Boost logo

Boost :

Subject: Re: [boost] [locale] Formal review of Boost.Locale library EXTENDED
From: Ryou Ezoe (boostcpp_at_[hidden])
Date: 2011-04-19 16:54:25


On Tue, Apr 19, 2011 at 11:31 PM, Soares Chen Ruo Fei
<crf_at_[hidden]> wrote:
> Ryou Ezoe wrote:
>> What I want is translate() accept wchar_t const * and std::wstring as
>> a parameter. just like it accept char const * and std::string.
>> Then, it return the corresponding translated text.
>> Although the encoding of wchar_t is unspecified in the Standard.
>> In the current MS-Windows environment, it should be treated as UTF-16.
>>
>> Converting it to UTF-8 is a implementation details.
>> I don't care which UTF it internally use.
>> As long as it support real UCS(all code points defined in UCS)
>>
>> But treating it as UCS rather than binary string is better.
>>
>> Assuming we have C++0x compiler and encoding of wchar_t is UTF-16,
>> translate(u8"text"), translate(u"text"), translate(U"text") and
>> translate(L"text")
>> all returns the same mapped translated text according to the locale.
>> This is a good.
>
> I suppose that you are probably fine with the requirement that the
> supplied text must be in one of the Unicode encodings, because
> otherwise translating from text in shift-JIS or arbitrary encodings is
> probably be a mess from a technical perspective.
>
> I think that what we really need is to enforce the character set used
> in Boost.Locale, not the language. It just happen that Artyom chose
> the ASCII character set which don't support most other languages.
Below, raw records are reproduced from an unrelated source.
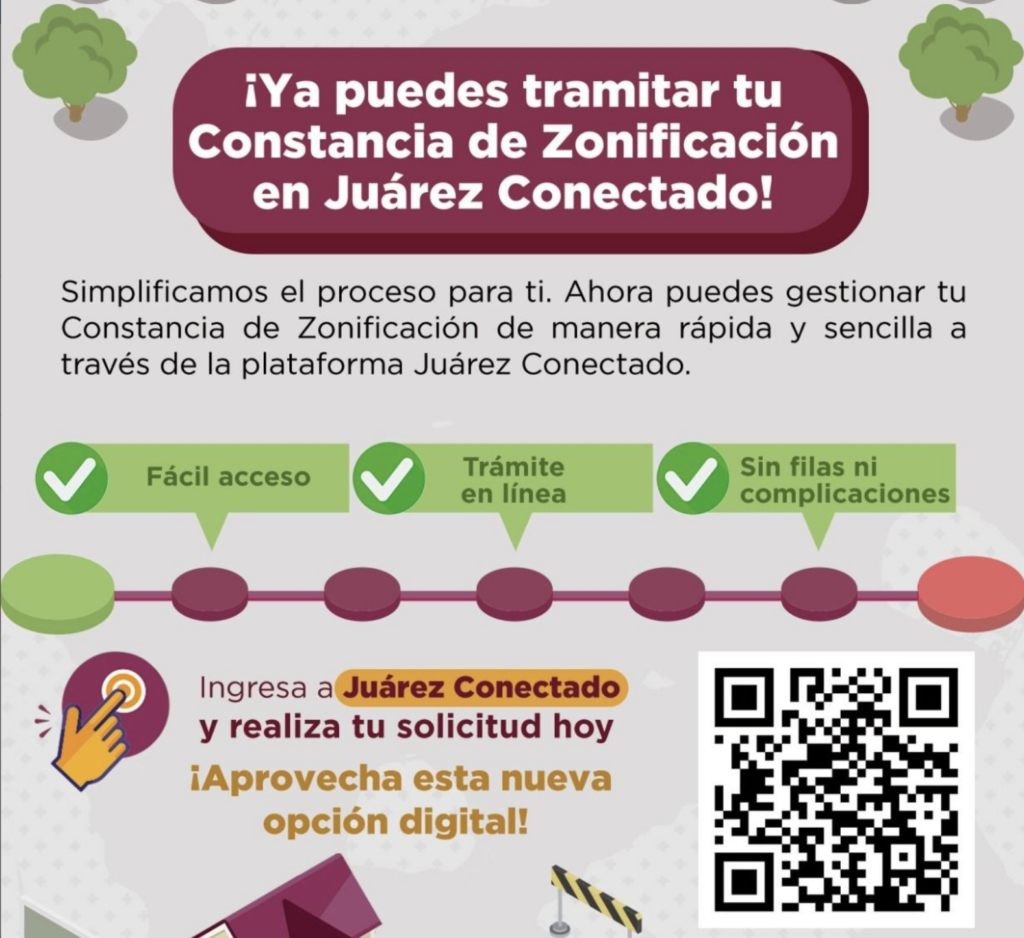 Invita desarrollo urbano a tramitar la constancia de zonificación en línea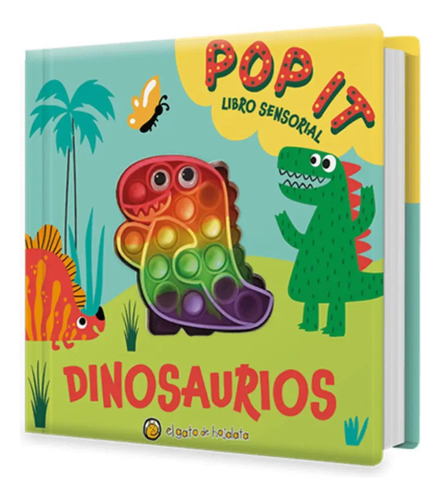 Dinosaurios Pop It Libro Sensorial Libro Para Niños 3369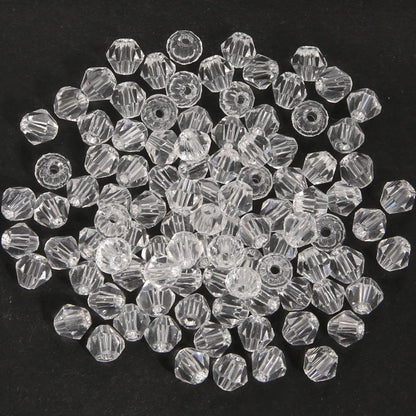 100Pcs 4MM Glass Bicone Beads for Jewelry Making - Smarsty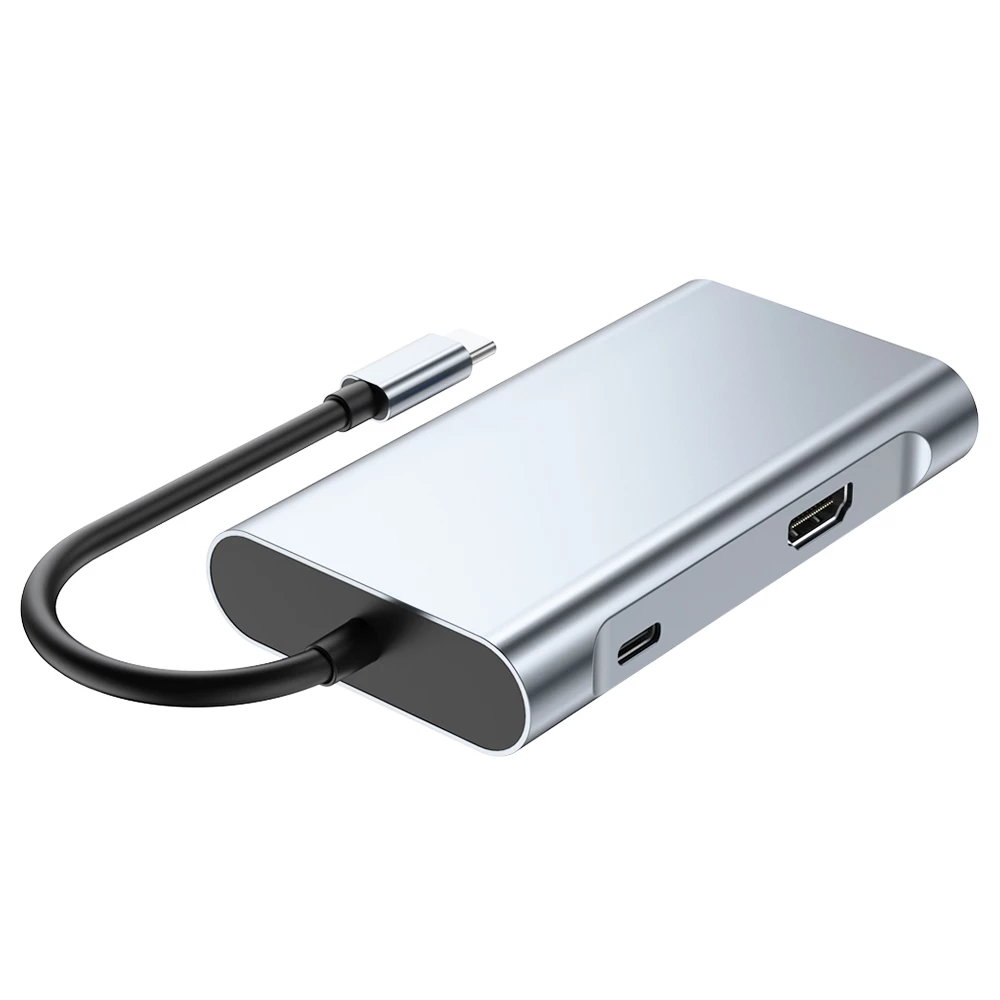 Type-C Hub 7 In 1 USB C To 4K HDMI+1000M RJ45+PD 100W Charge+USB 3.0*3+VGA Dock For MacBook, Windows, Laptop - Image 4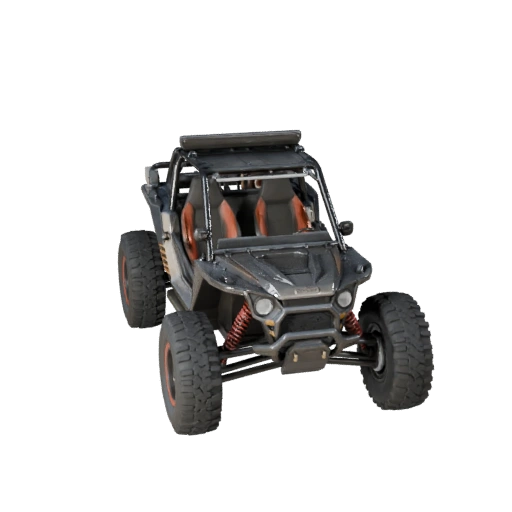 Modelo 3D de Buggy de Rally en el Desierto Listo para Juegos en Tiempo Real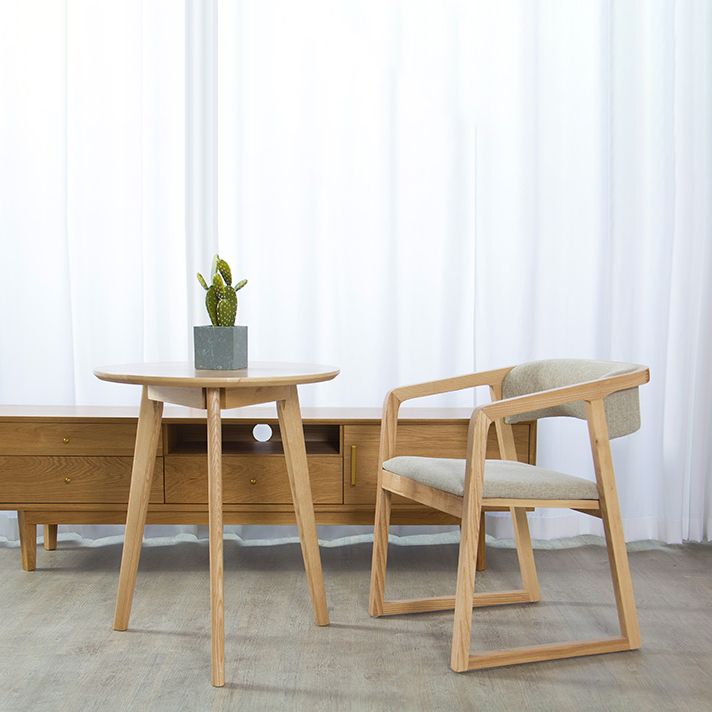 Glam Style Wooden Dining Arm Chair Matte Finish Open Back Dining Chair for Dinning Room Clearhalo ' kitchen&dining_furn' 'Dining Chairs' 'Dining Tables & Seating' 'dining_chair' 'furn' 'furn_dining_chair' 'Furniture' 'furniture_dining_chair' 'Kitchen & Dining Furniture' 'kitchen' 1200x1200_3ab972f2-2fb7-4e1f-b6f8-fe31ce395a5e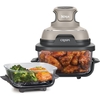 Ninja FN101UKST CRISPi 4-in-1 Portable Glass Air Fryer, Grey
I
> don't see any technical reasons to enforce the language used for
> translating, but there are many technical reasons to enforce a
> particular encoding. We can just change the encoding used from ASCII
> to UCS, and that wouldn't technically make much difference. The only
> problem for using Unicode as the translation key is the normalization
> issues. Since normalization is too heavyweight, the translation system
> should probably operate at code point level, though translations of
> identical original text with different code points will then fail.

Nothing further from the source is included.